Miriam se sentía abrumada y confusa. Su tez se volvió pálida. Miraba al ángel y enseguida apartaba la vista posándola en el suelo. Colocaba las manos sobre su vientre aún vacío y volvía a posar los ojos en el enviado. Las preguntas se le agolpaban en la mente pero se sintió incapaz de preguntarlas. Su boca estaba seca.
—Te traigo además otra buena noticia. Tu prima Isabel, a pesar de ser estéril y anciana, va a parir un niño; la que decían que no podía tener hijos está encinta desde hace seis meses. Puedes ver que para Yahveh no hay nada imposible. Así hará también contigo.
Entonces, la muchacha confesó:
—Tengo miedo, dijo comenzando a llorar cabizbaja, pero soy la esclava del Señor. Que Yahveh haga en mí según sus deseos.

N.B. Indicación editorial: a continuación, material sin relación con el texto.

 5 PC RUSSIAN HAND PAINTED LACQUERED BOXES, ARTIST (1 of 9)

Al finalizar su respuesta, alzó los ojos y comprobó que el ángel ya no estaba.
A solas con sus pensamientos y la incertidumbre que reinaba sobre su futuro se sintió poseída por una turbación insólita. Poco rato después se encontraba con fiebre.

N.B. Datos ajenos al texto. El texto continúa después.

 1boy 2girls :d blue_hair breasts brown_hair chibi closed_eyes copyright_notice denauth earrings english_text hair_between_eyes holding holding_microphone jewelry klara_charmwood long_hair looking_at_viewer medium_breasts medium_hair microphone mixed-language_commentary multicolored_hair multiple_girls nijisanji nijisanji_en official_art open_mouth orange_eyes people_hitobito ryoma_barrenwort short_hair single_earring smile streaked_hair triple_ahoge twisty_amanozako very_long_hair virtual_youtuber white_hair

Mes y medio más tarde, Miriam no tenía dudas sobre su embarazo. No las tenía pero ¿qué sería de ella ahora? La ausencia del ángel ante su necesidad de respuestas le producía una enorme soledad. Habría necesitado su calor cómplice para dar explicaciones a los suyos; sus palabras indicándole lo que tenía que hacer o decir. Precisaba oír una y otra vez aquellas frases que le traían las nuevas: "¡Te saludo, favorecida de Yahveh! El Señor está contigo".
Pero, ¿dónde estaba el Señor? Difícil lo tenía y con José, el muchacho al que fue prometida, poco podía conversar dadas las circunstancias.

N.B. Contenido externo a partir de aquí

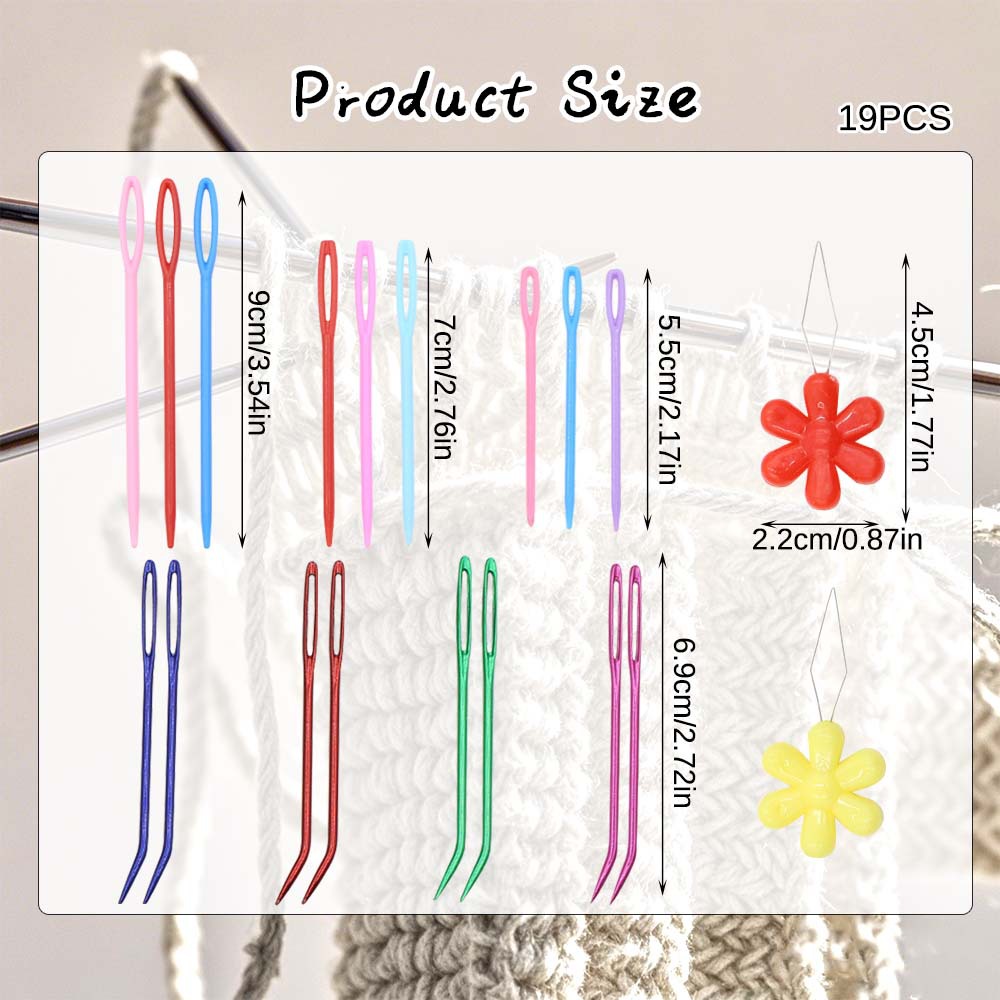 19 pieces of sweater knitting tools, plastic big-eye sweater needles, metal curved needle knitting auxiliary tools, big-eye needle sweaters pic 7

Ahora le venían preguntas nuevas que no aparecieron al principio y la atormentaban. Perdió el sueño y durante los pocos ratos que lograba conciliarlo las pesadillas de verse morir apedreada la abrumaban. A pesar de ser joven tuvo la oportunidad en dos ocasiones de presenciar en la plaza del pueblo estos actos contra mujeres adulteras y le pareció horrible.
Sí.
Ella sería la madre del Mesías que todos esperaban. De momento pasaría entre la gente con su secreto bien guardado, pero ¿por cuánto tiempo? Se sonrojaba al sorprenderse mirando los vientres abultados de otras mujeres que encontraba a su paso.
Simultáneamente sentía alegría. Rayos de felicidad la inundaban al pensar que el ángel podría venir pronto con otro mensaje de alivio. La tranquilizaba pensar que quizás Yahveh volviese atrás en sus pensamientos, cambiase de opinión respecto a ella y decidiese encomendar esta misión a otra mujer, su madre tal vez, ella sabía llevar una casa y tenía experiencia en los cuidados de los recién nacidos. Sí. Su madre sería la persona más indicada. Miriam le ayudaría con la criatura. Sin embargo, ¿cuándo volvería el enviado a arreglarlo todo? Esperaría. Tendría paciencia unos días más por si se producía algún cambio.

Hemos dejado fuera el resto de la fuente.